The illustration shows a chaff-cutting plant in Chinchilla, Queensland, with filled sacks standing nearby. A sign painted on the fuel tank indicates that W. Lovelock & Co. Ltd. are the sole agents for the oil engine shown (Figure 2).
The letter sent from W. Lovelock & Co. Ltd. Machinery Specialists was found at a Queensland site regarding control of floods that are prone in Queensland. The letter was sent from the Company at 210 Roma Street Roma on 9th April 1929 and was received on 13/4/29 by The Officer in Charge, Stores Branch, Queensland Forest Service, Executive Buildings, Brisbane. The company’s banner was impressive and it described the company as being suppliers of Farm Implements, Agricultural and Dairy Machinery of Every Description.
The body of the letter is in response to a verbal request from the Officer in Charge for an apparatus to be used to pump water from creeks or water holes into a tank on a cart, and the apparatus appears to be assembled by the Lovelock Co. as a custom order.

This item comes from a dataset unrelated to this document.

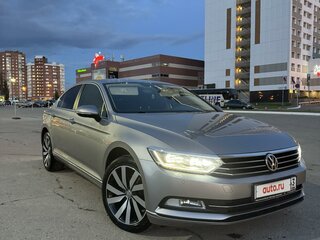 2019 Volkswagen Passat B8, серебристый, 2650000 рублей, вид 3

They quote for two different capacities, 75 gallons for £57.10.0 and for the 100 gallons, £59.10.0. There are several manuscript additions, and the one at lower right suggests that the 100 gallon cart should be ordered. (Figure 3).
When I first read the addressee’s name I thought that there was a typo mistake with the ‘z’ left out of ‘Wizard Plow Co.’ but the company was in fact the Wiard Plow Company, Batavia, New York, U.S.A. The company was well documented and there were a couple surprises found in my research. The first was a colourful advertising card for the company, the design of which was somewhat incongruous and possibly weird for advertising a plow manufacturing company (Figure 4).
The other surprise was that George Wiard was born in Ancaster, Canada (less than 5 km from where I now live) on March 11, 1833, a son of William and Lucinda Wiard. William was a native of Connecticut and in 1820 he went to Canada and began the manufacture of plows, and he was one of the pioneers in the manufacture of cast iron plows in Canada.. Before him, William’s father Thomas Wiard had been a blacksmith and he had made plows or parts thereof as early as 1804.
George Wiard entered an apprenticeship to the trade of moulder and eventually set up a plough making company that moved to Batavia , New York in 1876 where the Wiard Plow Company was incorporated.. The Wiard family had 4 generations in plow manufacture for 94 successive years, a record probably unequaled in the U.S.A.